Task prompt => What is needed is an exact copy of the records, with the images left out.
═════ Material for this task ═════
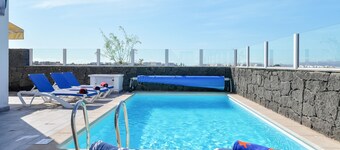 'Villa Blue New Horizont' with Sea View, Wi-Fi and Air Conditioning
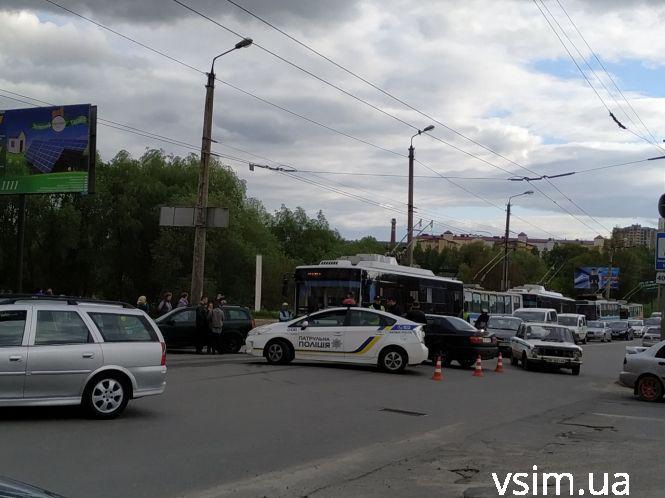 Новини Хмельницького - фото з На Озерній зіткнулися «Volkswagen», «Toyota» та «Opel» (ФОТО) На Озерній зіткнулися «Volkswagen», «Toyota» та «Opel» (ФОТО), фото №2 на сайті vsim.ua
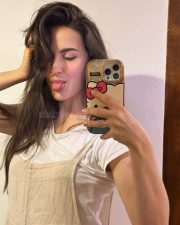 Cute Model Elli AvrRam Selfie Photos 02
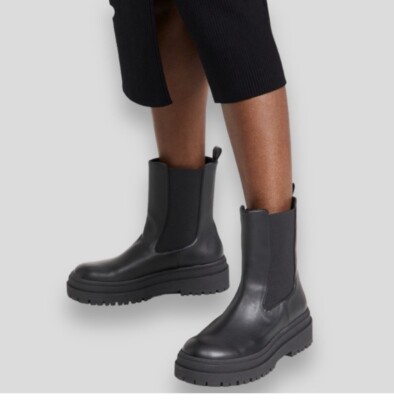 Good American Chelsea Boots Size 8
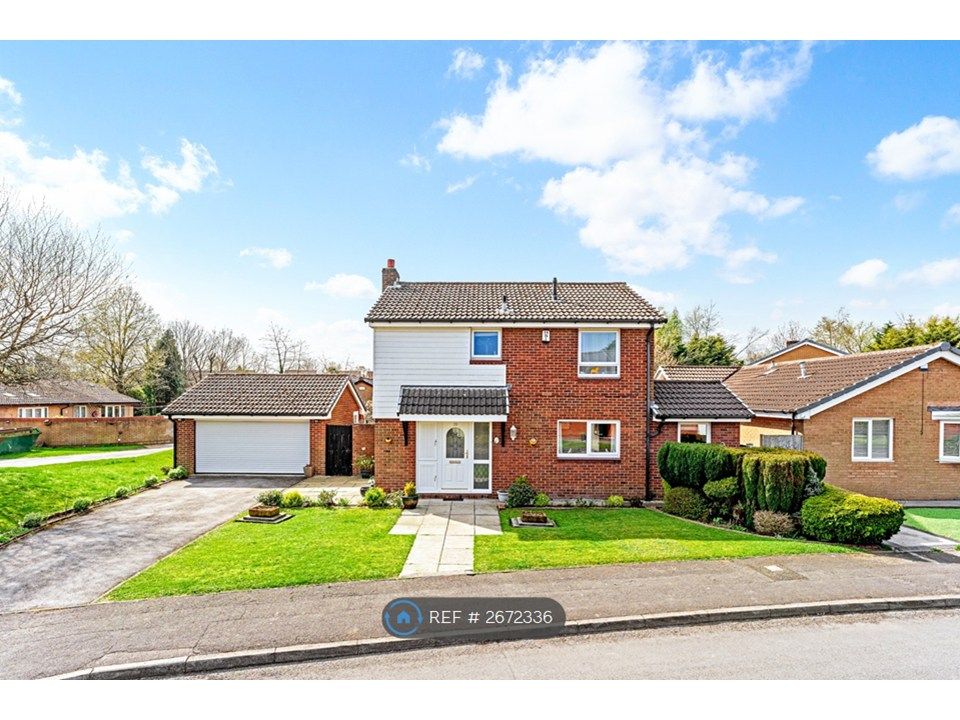 Property photo 2 of 24 Front Of House &amp; Detached Garage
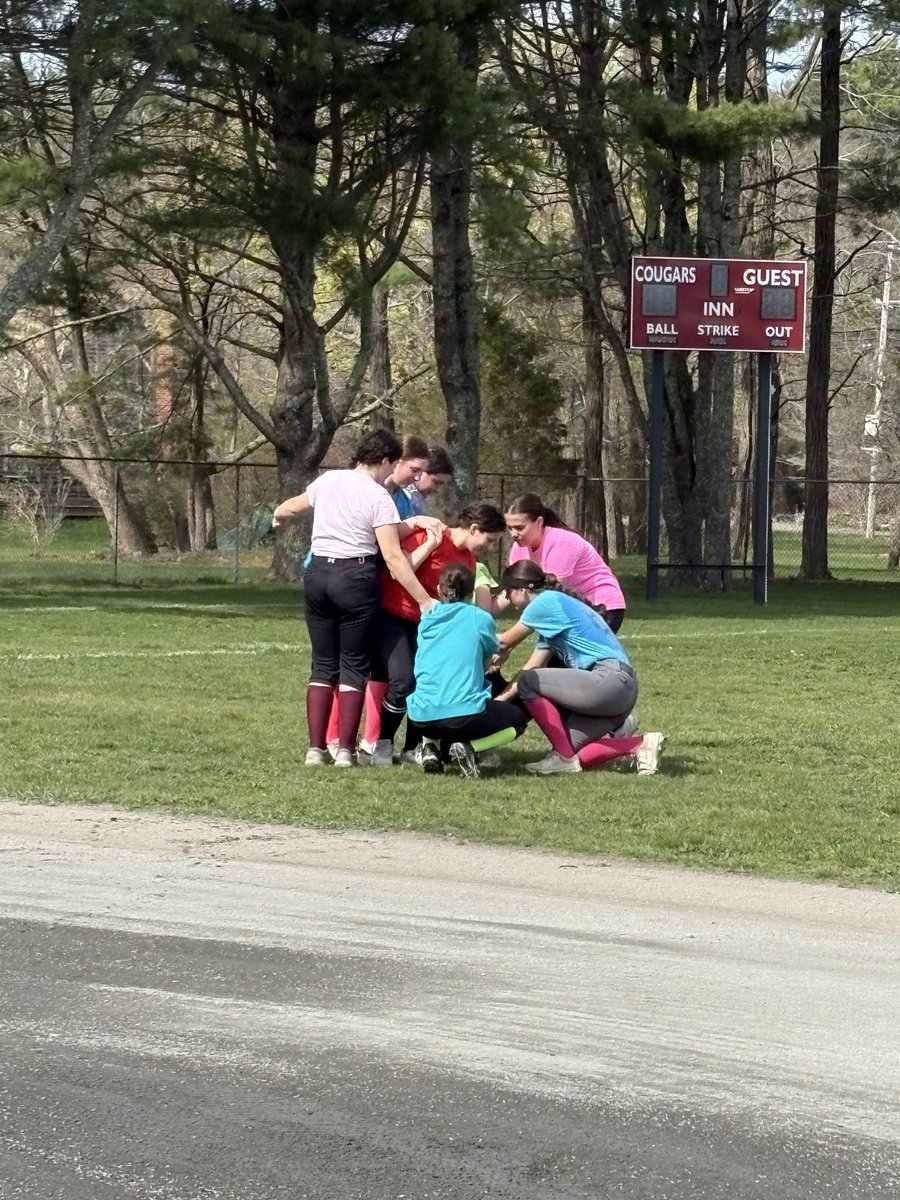 softball_oc's tweet photo. We started neon themed Thursday with some team building with some human knots! Great teamwork and communication was on display! @AthleticCougars https://t.co/e5Fcqh29aR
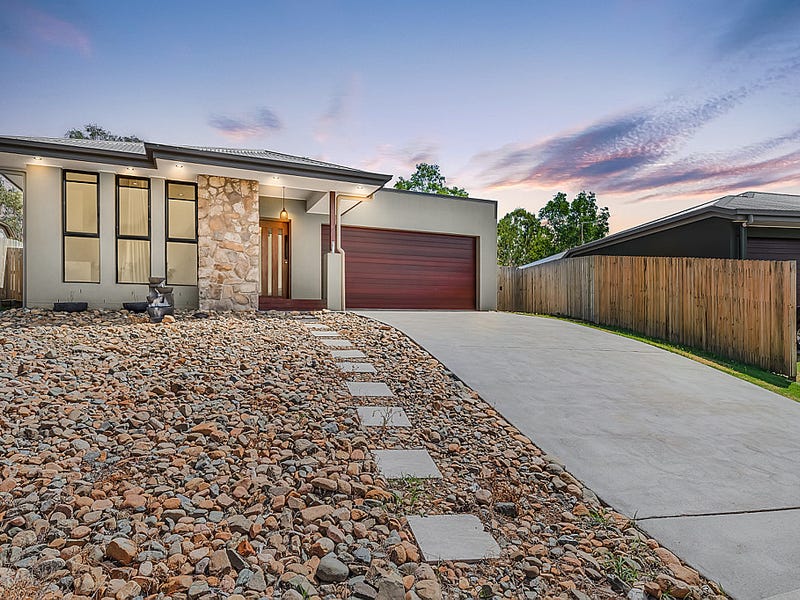 52 Trader Crescent, Cannonvale, Qld 4802 Property Details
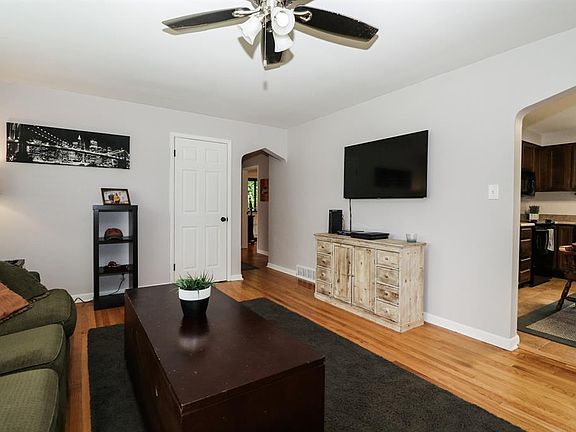 4th image of 11725 Manor Lake Dr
═════
Solution to the problem =>
 'Villa Blue New Horizont' with Sea View, Wi-Fi and Air Conditioning
 Новини Хмельницького - фото з На Озерній зіткнулися «Volkswagen», «Toyota» та «Opel» (ФОТО) На Озерній зіткнулися «Volkswagen», «Toyota» та «Opel» (ФОТО), фото №2 на сайті vsim.ua
 Cute Model Elli AvrRam Selfie Photos 02
 Good American Chelsea Boots Size 8
 Property photo 2 of 24 Front Of House &amp; Detached Garage
 softball_oc's tweet photo. We started neon themed Thursday with some team building with some human knots! Great teamwork and communication was on display! @AthleticCougars https://t.co/e5Fcqh29aR
 52 Trader Crescent, Cannonvale, Qld 4802 Property Details
 4th image of 11725 Manor Lake Dr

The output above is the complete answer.